A few days ago, I posted the Thin Lizzy version of the song, "Whiskey in the Jar." I am not certain many, if any, actually listened to the song here and, if they did, realized that the men on stage were only some of the surviving members of this Irish hard rock band. Absent from the group was Phil Lynott, one of the founding members and the lead vocalist, who between liquor and drugs finished himself off at age thirty six.

I hate to shatter the image you must have of me. I mean the image of a mild-mannered, ivory-tower, conservative, old-school, polite, somewhat pedantic gentleman. But, I think that at this point in time, I must be in the mood for a wild night with a wild woman in a wild bar.

October, as I have mentioned, traditionally is a harsh month for me and I am holding my breath and hiding in the shadows as it passes by me this year. I need to cut loose. So, with a night at Dino's bar and grill foremost in my mind, here again is Thin Lizzy, here again minus Lynott, this time performing what is considered the band's only "major hit" song -- "The Boys are Back in Town."

Some lines
from the Thin Lizzy song

"The Boys are Back in Town"

Spread the word around
Guess who's back in town

You spread the word around

Friday night they'll be dressed to kill
Down at Dino's bar and grill
The drink will flow and blood will spill
And if the boys want to fight, you'd better let them

The boys are back in town
The boys are back in town


Saturday, October 16, 2010

October, seen from a bedroom window

Such was the view on the morning of October 15, 2010, at Lake Washington, Minnesota, as seen from my bedroom window. Although the photograph was taken in the morning -- just this morning of my today, only about ten hours ago real time -- it already is October 16 in much of Europe, which is where my computer still thinks it is located. (Foolish device made by man; note the time stamp for the post.) October 15 or October 16, it makes little difference which -- or does it? Time is illusory and is as much imaginary as it is actual. October 16. The middle of the month. When the second half of this month has passed, this view will no longer exist in my world. It may even be like the falling tree in the forest that no one hears. In any case, it certainly will be that for me, and part of my past -- except for a shadow or two.

"October"
by Robert Frost


O hushed October morning mild,
Thy leaves have ripened to the fall;
Tomorrow's wind, if it be wild,
Should waste them all.
The crows above the forest call;
Tomorrow they may form and go.
O hushed October morning mild,
Begin the hours of this day slow.
Make the day seem to us less brief.
Hearts not averse to being beguiled,
Beguile us in the way you know.
Release one leaf at break of day;
At noon release another leaf;
one from our trees, one far away.
Retard the sun with gentle mist;
Enchant the land with amethyst.
Slow, slow!
For the grapes' sake, if the were all,
Whose leaves already are burnt with frost,
Whose clustered fruit must else be lost --
For the grapes' sake along the all.


Wednesday, October 13, 2010

Halt! Who goes there?

While I was looking through photographs taken of shadow figures a few days ago, I encountered one -- this one -- I had not noticed previously. What is happening is unmistakable, though. The camera caught the image of Fram the First emerging from the mists of time -- from the netherworld itself, yeah -- into the present, into the here and now. He has a habit of doing that -- in both directions; appearing without announcement or warning; disappearing without a "by your leave" or even a wink and a nod. His independence is notorious; he is kin to Scaramouche, born with a smile on his lips and a sense that the world is mad; and his manners are sometimes shaky. Anyway, he was here for a few days, and he was captured by camera.

The chorus
from the Thin Lizzy version
of the 17th Century Irish ballad
"Whiskey in the Jar"


Now some men like the fishin' and some men like the fowlin',
and some men like ta hear, the cannon ball a roarin'.
Me? I like sleepin' especially in my Molly's chamber.
But here I am in prison, here I am with ball and chain, yeah.

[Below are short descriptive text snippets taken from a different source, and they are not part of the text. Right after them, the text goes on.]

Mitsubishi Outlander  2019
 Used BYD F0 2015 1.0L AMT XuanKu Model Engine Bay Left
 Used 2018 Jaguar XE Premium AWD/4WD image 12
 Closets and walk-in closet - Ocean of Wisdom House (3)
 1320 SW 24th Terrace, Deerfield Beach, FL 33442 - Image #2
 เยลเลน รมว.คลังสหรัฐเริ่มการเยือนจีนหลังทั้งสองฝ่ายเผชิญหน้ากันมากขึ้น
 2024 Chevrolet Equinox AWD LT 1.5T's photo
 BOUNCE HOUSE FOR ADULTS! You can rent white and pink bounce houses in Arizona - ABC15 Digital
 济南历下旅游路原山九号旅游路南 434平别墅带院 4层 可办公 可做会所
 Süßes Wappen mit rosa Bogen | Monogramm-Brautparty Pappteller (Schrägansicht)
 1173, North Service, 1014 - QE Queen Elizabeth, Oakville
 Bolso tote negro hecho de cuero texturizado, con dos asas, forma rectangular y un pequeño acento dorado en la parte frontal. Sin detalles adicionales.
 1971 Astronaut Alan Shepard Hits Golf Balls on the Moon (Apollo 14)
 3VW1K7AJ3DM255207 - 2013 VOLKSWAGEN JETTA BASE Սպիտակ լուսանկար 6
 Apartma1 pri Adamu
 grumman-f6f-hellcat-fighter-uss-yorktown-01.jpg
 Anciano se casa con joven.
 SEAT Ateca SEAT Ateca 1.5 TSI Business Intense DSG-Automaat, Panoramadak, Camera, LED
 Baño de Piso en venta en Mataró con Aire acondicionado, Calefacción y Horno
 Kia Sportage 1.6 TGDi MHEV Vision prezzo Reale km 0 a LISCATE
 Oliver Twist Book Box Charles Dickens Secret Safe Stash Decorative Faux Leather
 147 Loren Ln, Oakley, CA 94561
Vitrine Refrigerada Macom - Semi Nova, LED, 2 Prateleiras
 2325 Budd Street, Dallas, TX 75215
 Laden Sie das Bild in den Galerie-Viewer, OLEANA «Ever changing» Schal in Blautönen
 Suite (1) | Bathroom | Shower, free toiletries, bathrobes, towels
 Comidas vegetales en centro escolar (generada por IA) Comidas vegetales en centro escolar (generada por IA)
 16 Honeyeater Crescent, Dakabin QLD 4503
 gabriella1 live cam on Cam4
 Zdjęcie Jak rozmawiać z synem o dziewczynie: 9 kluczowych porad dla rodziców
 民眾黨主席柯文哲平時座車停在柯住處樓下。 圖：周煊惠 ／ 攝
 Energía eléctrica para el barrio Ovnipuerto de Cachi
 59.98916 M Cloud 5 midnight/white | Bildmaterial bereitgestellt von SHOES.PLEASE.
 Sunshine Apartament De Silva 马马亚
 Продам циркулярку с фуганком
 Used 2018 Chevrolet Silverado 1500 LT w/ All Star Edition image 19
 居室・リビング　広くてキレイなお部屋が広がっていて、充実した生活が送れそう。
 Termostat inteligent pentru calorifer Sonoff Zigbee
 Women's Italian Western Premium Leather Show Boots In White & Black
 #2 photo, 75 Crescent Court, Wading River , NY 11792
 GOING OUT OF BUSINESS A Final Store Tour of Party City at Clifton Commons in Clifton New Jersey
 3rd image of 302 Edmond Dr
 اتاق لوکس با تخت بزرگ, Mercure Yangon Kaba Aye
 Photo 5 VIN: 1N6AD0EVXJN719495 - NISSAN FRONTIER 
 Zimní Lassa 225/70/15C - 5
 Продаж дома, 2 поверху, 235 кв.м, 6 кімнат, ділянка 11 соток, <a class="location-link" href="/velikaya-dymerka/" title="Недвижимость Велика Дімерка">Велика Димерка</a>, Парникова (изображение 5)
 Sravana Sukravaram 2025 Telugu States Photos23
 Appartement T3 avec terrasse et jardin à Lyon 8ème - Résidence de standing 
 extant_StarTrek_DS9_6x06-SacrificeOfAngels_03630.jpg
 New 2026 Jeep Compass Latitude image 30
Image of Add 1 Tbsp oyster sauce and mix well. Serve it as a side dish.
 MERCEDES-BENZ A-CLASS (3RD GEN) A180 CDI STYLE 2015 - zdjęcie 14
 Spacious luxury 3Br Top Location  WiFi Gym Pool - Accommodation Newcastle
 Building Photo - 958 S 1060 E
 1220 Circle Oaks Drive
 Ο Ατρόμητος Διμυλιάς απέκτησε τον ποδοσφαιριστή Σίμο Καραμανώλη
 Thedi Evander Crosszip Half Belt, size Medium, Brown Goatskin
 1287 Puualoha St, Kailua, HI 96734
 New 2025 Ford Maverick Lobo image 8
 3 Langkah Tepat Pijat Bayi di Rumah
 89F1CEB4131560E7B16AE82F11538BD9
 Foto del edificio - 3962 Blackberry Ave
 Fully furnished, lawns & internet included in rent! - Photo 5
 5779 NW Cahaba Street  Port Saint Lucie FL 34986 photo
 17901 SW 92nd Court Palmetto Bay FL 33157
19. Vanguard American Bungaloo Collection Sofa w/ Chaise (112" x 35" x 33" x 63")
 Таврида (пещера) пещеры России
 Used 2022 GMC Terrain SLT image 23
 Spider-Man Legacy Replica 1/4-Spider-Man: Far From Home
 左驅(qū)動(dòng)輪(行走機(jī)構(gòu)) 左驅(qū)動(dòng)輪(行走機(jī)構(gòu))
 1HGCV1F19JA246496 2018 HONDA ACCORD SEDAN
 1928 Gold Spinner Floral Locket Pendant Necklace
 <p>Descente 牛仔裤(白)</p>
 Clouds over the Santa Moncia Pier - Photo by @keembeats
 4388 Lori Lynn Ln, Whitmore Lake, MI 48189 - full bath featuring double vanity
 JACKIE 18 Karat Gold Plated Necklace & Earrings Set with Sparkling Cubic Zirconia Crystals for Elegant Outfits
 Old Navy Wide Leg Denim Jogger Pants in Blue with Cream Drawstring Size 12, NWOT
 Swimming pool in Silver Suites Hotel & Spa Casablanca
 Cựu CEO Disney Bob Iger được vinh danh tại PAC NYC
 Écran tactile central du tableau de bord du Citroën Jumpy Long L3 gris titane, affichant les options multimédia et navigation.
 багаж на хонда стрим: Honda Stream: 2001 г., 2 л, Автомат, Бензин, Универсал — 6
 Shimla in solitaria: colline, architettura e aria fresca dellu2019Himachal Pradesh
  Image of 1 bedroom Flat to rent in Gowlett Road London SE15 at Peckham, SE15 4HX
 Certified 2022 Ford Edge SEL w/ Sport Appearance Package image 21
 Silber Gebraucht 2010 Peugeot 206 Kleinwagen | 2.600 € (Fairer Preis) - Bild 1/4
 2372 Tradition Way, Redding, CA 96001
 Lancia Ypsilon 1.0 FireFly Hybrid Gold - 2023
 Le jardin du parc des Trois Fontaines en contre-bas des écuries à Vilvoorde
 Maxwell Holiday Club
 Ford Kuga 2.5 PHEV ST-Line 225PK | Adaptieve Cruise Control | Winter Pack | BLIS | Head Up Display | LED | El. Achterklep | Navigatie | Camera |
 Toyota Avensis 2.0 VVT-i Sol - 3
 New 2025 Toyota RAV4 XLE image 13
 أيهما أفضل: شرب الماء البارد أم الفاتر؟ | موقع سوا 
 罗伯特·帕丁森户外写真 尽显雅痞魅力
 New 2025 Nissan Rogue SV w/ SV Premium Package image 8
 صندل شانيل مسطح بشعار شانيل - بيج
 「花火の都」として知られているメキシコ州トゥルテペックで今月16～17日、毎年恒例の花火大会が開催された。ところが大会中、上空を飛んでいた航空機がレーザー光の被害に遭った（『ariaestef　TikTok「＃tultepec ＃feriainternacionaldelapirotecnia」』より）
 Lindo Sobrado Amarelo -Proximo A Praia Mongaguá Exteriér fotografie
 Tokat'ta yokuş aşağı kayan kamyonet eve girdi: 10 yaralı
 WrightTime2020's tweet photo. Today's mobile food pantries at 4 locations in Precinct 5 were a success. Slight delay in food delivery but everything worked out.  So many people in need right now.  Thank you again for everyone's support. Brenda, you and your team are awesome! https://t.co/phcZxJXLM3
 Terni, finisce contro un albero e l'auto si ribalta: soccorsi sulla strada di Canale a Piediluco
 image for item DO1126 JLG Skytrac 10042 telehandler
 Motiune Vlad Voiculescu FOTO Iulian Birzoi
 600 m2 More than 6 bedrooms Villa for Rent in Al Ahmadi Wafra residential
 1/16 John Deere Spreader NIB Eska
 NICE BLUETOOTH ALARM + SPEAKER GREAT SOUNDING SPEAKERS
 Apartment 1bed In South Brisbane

Musha ring dum a do dum a da.
Wack for my daddy-o,
Wack for my daddy-o,
There's whiskey in the jar-o.

Monday, October 11, 2010

Metamorphosis -- it begins or it ends today



Something to think about -- or not

A discussion evolved this afternoon around my modus operandi.

In a sentence, I was told that I like to tell people what to do -- or, put another way, that I have a controlling type of personality.

I suppose, to some extent, I do. Who among us does not?

Since I have been a supervisor of others, beginning with high school athletics, continuing on into (sort of) adulthood in the Marine Corps at age eighteen and having been part of my work experience throughout my life, I also am pretty much used to telling others what to do, and, I suppose, I might come off that way in ordinary conversations.

Essentially, though, I have opinions, ideas, concepts, beliefs, and whatnot (whatnot = mostly feelings), and I am not hesitant or afraid to express them to anyone at anytime. Now, I suppose some people will interpret me presenting my opinion as me telling them what to do. I would hope most people can distinguish the difference between me telling them what I think and me telling them what to do. I would hope .... but, yes, perhaps; perhaps not, they are able.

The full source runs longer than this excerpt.